Quand Mariane Martin est clouée au lit à cause de la douleur atroce que lui cause sa maladie, sa conjointe ne lui pose jamais de questions. Au contraire, Andrée Anne Ouellet comprend exactement sa souffrance, elle qui vit aussi avec une tumeur inopérable.

À seulement 22 ans, la première vient tout juste d’apprendre que son mésothéliome malin, un cancer extrêmement rare qui s’était propagé dans son abdomen il y a deux ans, est réapparu. La deuxième, âgée de 28 ans, souffre d’un cancer du cerveau depuis deux ans et demi.

« C’est apaisant d’avoir quelqu’un qui comprend parfaitement ce qu’on traverse. Ça rend tout ça un peu plus léger », assure Mariane Martin en regardant sa conjointe avec tendresse.

Les femmes se sont rencontrées l’été dernier lors d’une expédition en Outaouais organisée par la fondation Sur la pointe des pieds pour les jeunes atteints du cancer.

« Ç’a tout de suite cliqué, se souvient Mme Martin. On s’est assises ensemble dans l’autobus et on a parlé pendant des heures. »

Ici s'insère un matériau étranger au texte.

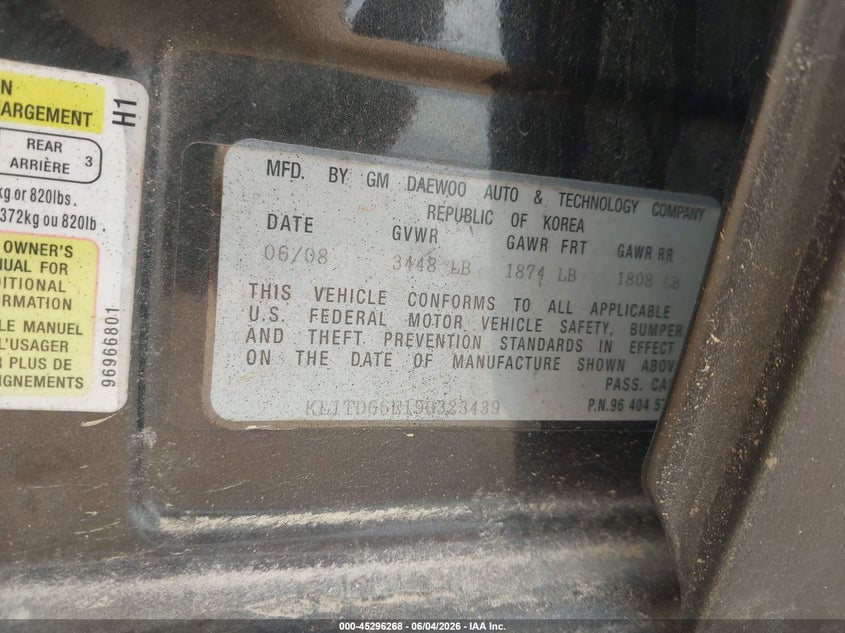 2009 Chevrolet Aveo VIN KL1TD66E19B323439 IAAI salvage auction — LEFT FRONT, Salvage (Missouri), sold $150 on 2026-07-20 (photo 9)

Trois jours après la fin du voyage, la jeune femme a quitté Gatineau, sa ville natale, pour aller rejoindre sa nouvelle amie à Montréal. Une semaine plus tard, elle emménageait avec elle.

« Ça s’est fait rapidement, parce que toutes les deux, on n’a rien à perdre, fait valoir Mme Ouellet. Avec le vécu qu’on a, quand on a une connexion avec quelqu’un, on n’hésite pas. » « La vie est trop courte », ajoute sa compagne.

Peur pour l’autre

Affronter le cancer en couple a ses avantages comme ses inconvénients, constatent-elles.

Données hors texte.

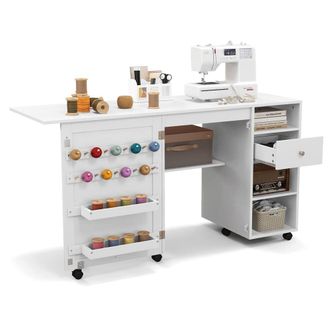 Costway Costway Folding Sewing Table Adjustable Rolling Sewing Craft Desk w/Trays&Pegs in White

« Vu qu’on le vit les deux, on peut parler du cancer ensemble sans que ça soit lourd, explique Andrée Anne Ouellet. Il n’y a aucun tabou. »

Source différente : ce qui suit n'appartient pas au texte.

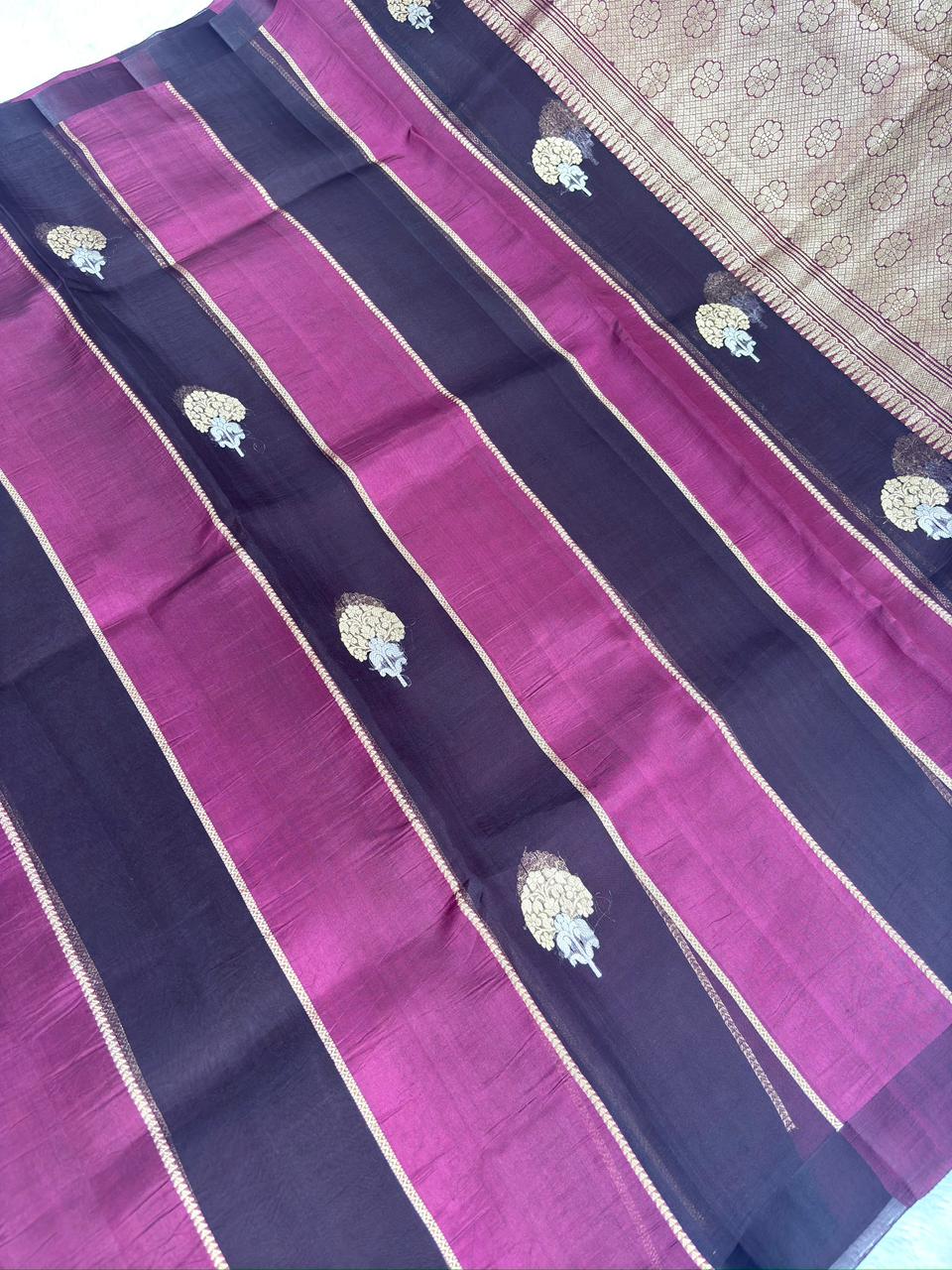 Wine Plum Kora Designer Kadhua Handloom Saree with Antique Gold Zari Pallu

Mais en plus de craindre pour leur propre vie, les deux femmes doivent aussi vivre avec la peur de perdre la personne qui leur est la plus chère. En fait, elles confient toutes deux s’inquiéter davantage pour leur conjointe que pour elles-mêmes.

« Moi, je ne pense pas vraiment à mourir, mais elle... je sais qu’elle est fragile », parvient à articuler Mme Ouellet, les larmes ruisselant sur ses joues.

Cannabis médical

Comme les deux Montréalaises ne sont pas aptes à travailler, du moins à temps plein, elles réussissent difficilement à joindre les deux bouts.

Andrée Anne Ouellet parvient à effectuer quelques contrats comme preneuse de son, alors que Mariane Martin a dû abandonner ses études pour devenir parajuriste.

En plus de ne pas avoir de salaire, cette dernière doit se procurer environ 500 $ de cannabis médical par mois pour soulager ses douleurs.

« Depuis que j’ai eu mon diagnostic, on m’a prescrit jusqu’à 17 narcotiques, explique Mme Martin. J’ai développé une dépendance et ça me donnait une tonne d’effets secondaires. Depuis que j’utilise seulement le cannabis, je me sens enfin revivre, mais ce n’est pas remboursé par les assurances. »


♦ Le couple a lancé une campagne de sociofinancement intitulée « Aidez-nous à vaincre nos cancers » sur le site GoFundMe.